Security researchers and practitioners lack techniques to quantitatively evaluate the strength of security systems against a determined attacker. Currently, evaluation is either qualitative, such as through security certification standards, or ad-hoc, such as through penetration testing and auditing. In this paper, we propose a framework that if applied to security systems, would produce quantitative measures that can be used to compare and appraise security systems relative to each other. Our framework utilizes public challenges in conjunction with an independent organization that mounts the challenges, regulates their implementation and certifies the results in an attempt to provide normalized measures. Unlike various ad-hoc challenges that have been run in the past, we believe our framework can create a quantitative, challenge-based security evaluation infrastructure that is fair, sustainable and flexible.
Security has become of great importance in our computerized world today, motivating a myriad of security products that claim to protect individuals and organizations from computer security threats. However, it is often difficult for lay individual users, and even professional security practitioners alike to evaluate which security products truly enhance the security of their systems. Those who wish to secure their computing systems are reduced to browsing through marketing literature that qualitatively describes the various features, capabilities, design process and philosophy of the system. For example, security certification standards such as TCSEC/Orange Book , ITSEC  and Common Criteria  specify product capabilities and the design process taken to increase the product’s level of assurance
Many other disciplines benefit from the ability of practitioners to assign quantitative measures to the quality of their products. In civil engineering, practitioners can make engineering decisions that make systems arbitrarily robust by designing their product with a quantitative safety margin because they have accurate measurements of both the strength of the materials they use, as well as the required load they must bear.

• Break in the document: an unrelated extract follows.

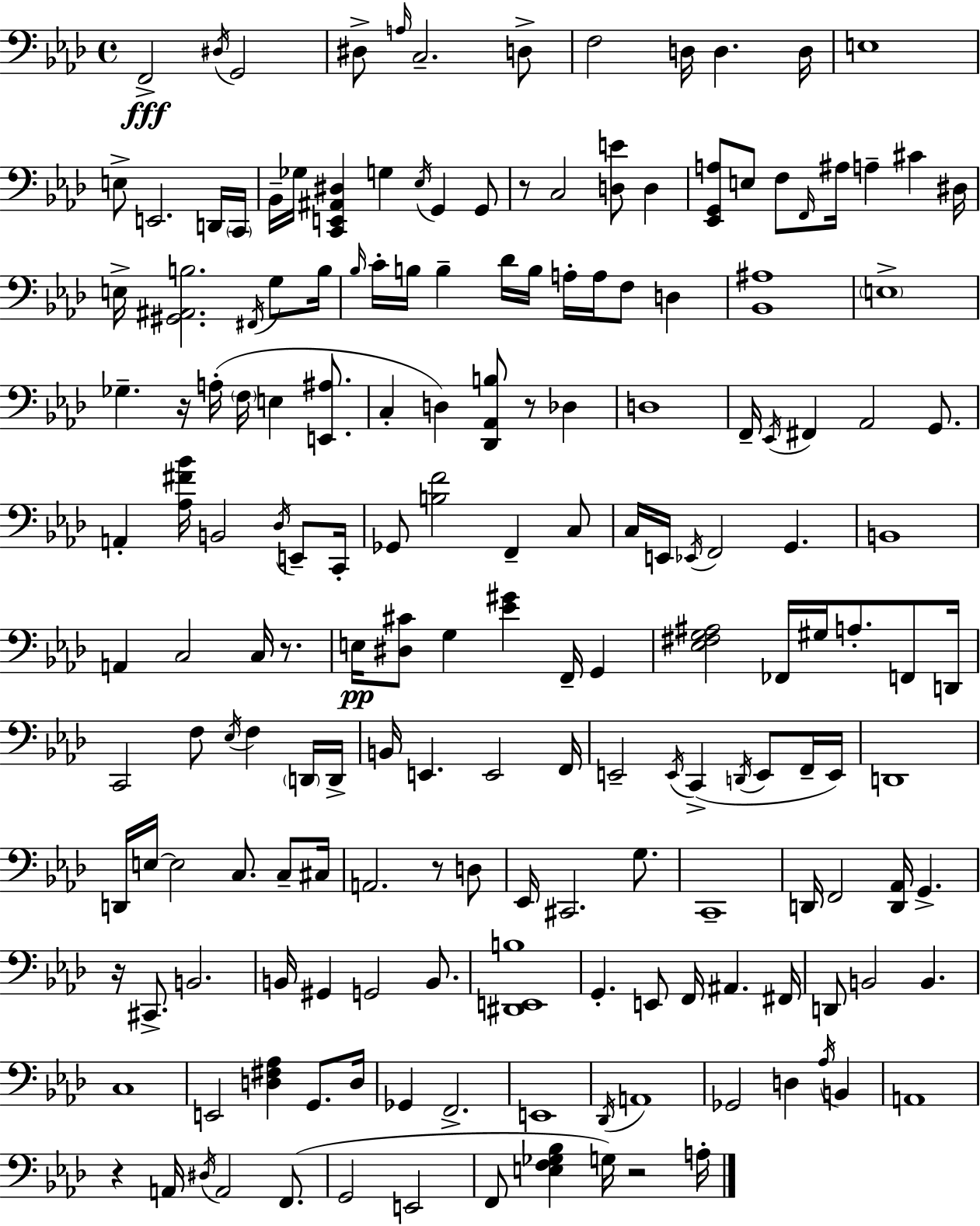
F2/h D#3/s G2/h D#3/e A3/s C3/h. D3/e F3/h D3/s D3/q. D3/s E3/w E3/e E2/h. D2/s C2/s Bb2/s Gb3/s [C2,E2,A#2,D#3]/q G3/q Eb3/s G2/q G2/e R/e C3/h [D3,E4]/e D3/q [Eb2,G2,A3]/e E3/e F3/e F2/s A#3/s A3/q C#4/q D#3/s E3/s [G#2,A#2,B3]/h. F#2/s G3/e B3/s Bb3/s C4/s B3/s B3/q Db4/s B3/s A3/s A3/s F3/e D3/q [Bb2,A#3]/w E3/w Gb3/q. R/s A3/s F3/s E3/q [E2,A#3]/e. C3/q D3/q [Db2,Ab2,B3]/e R/e Db3/q D3/w F2/s Eb2/s F#2/q Ab2/h G2/e. A2/q [Ab3,F#4,Bb4]/s B2/h Db3/s E2/e C2/s Gb2/e [B3,F4]/h F2/q C3/e C3/s E2/s Eb2/s F2/h G2/q. B2/w A2/q C3/h C3/s R/e. E3/s [D#3,C#4]/e G3/q [Eb4,G#4]/q F2/s G2/q [Eb3,F#3,G3,A#3]/h FES2/s G#3/s A3/e. F2/e D2/s C2/h F3/e Eb3/s F3/q D2/s D2/s B2/s E2/q. E2/h F2/s E2/h E2/s C2/q D2/s E2/e F2/s E2/s D2/w D2/s E3/s E3/h C3/e. C3/e C#3/s A2/h. R/e D3/e Eb2/s C#2/h. G3/e. C2/w D2/s F2/h [D2,Ab2]/s G2/q. R/s C#2/e. B2/h. B2/s G#2/q G2/h B2/e. [D#2,E2,B3]/w G2/q. E2/e F2/s A#2/q. F#2/s D2/e B2/h B2/q. C3/w E2/h [D3,F#3,Ab3]/q G2/e. D3/s Gb2/q F2/h. E2/w Db2/s A2/w Gb2/h D3/q Ab3/s B2/q A2/w R/q A2/s D#3/s A2/h F2/e. G2/h E2/h F2/e [E3,F3,Gb3,Bb3]/q G3/s R/h A3/s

Note that it is not just designs but also implementations that are subject to quantification and evaluation in these disciplines. One can, for example, stress test a building component to discover flaws in workmanship or installation. This is in addition to analytically evaluating its architecture and design process for flaws. Closer to home, other facets of computing, such as networking, storage and processor architecture have well-developed benchmarking techniques. These enable engineers to measure the quality of their designs and implementations against their competition and relative to their design goals.
We believe that the ability to quantify important security properties will advance security engineering just as it has advanced other disciplines. The most ardent advocate of quantification in science and engineering was Lord Kelvin (1824-1907), who stated in 1883:
“When you can measure what you are speaking about, and express it in numbers, you know something about it; but when you cannot measure it, when you cannot express it in numbers, your knowledge is of a meager and unsatisfactory kind; it may be the beginning of knowledge, but you have scarcely in your thoughts advanced to the state of Science, whatever the matter may be.”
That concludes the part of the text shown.